For government, the bonds are nearly risk-free. If the program fails, no public funds are lost. If it succeeds, the government pays out only a fraction of the savings it receives from reducing the costs of arrest, prosecutions, and incarceration—in the British example, government expects to keep roughly two-thirds of the savings.
Premier Kristina Keneally of the New South Wales government in Australia recently lauded SIBs as a way of “unlocking funds to tackle social issues” through community, financial, and government sectors. And SIBs could spread outside charitable giving and entrepreneurial foundations. Last month, the Financial Times reported that JPMorgan Chase and Deutsche Bank, among others, are exploring the use of SIBs, believing that they could become a “tradeable asset class.”
The best candidates for SIBs are programs most endangered in tough times because they are high-priced. Therapeutic foster care—on Virginia’s chopping block—is a perfect example. The Centers for Disease Control and Prevention endorses the program—which teaches foster parents how to help youth with a history of antisocial behavior—as effective despite the high cost (several thousand dollars per youth), and the Washington State Institute of Public Policy (WSIPP) found that the program can yield tens of thousands of dollars in long-term benefits to the youth and their communities.
If Virginia doesn’t have the money right now, instead of cutting the program by $7.5 million, it could solicit the same amount from private investors to fund a social investment bond. The SIB would incorporate a target goal for effectiveness, perhaps based on WSIPP estimates that therapeutic foster care reduces new offending by 37 percent.
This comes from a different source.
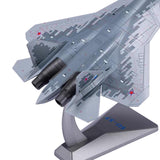 Maxbell 1:72 SU57 Aircraft Diecast Model Helicopter for Office Living Room Bookshelf A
Once the goal is reached, the bond would pay back investors their original investment plus a healthy profit but also save government millions, according to WSIPP.
State and local governments across the United States are wrestling with the worst fiscal crisis in nearly a century. As revenues decline and obligations mount, city and state officials face a double whammy: just when social programs are needed most, operating funds are scarcest.
Safety (in this case) and the public good (more generally) dictate continued funding for effective programs with long-term benefits, but recession politics naturally breeds short-term thinking. Stimulating private investment in cost-effective social programs could make long-term thinking more profitable and make entire communities better off even in these tough economic times.
John Roman directs the District of Columbia Crime Policy Institute at the Urban Institute. Jeffrey Butts is executive director of the Research and Evaluation Center at John Jay College of Criminal Justice in New York City.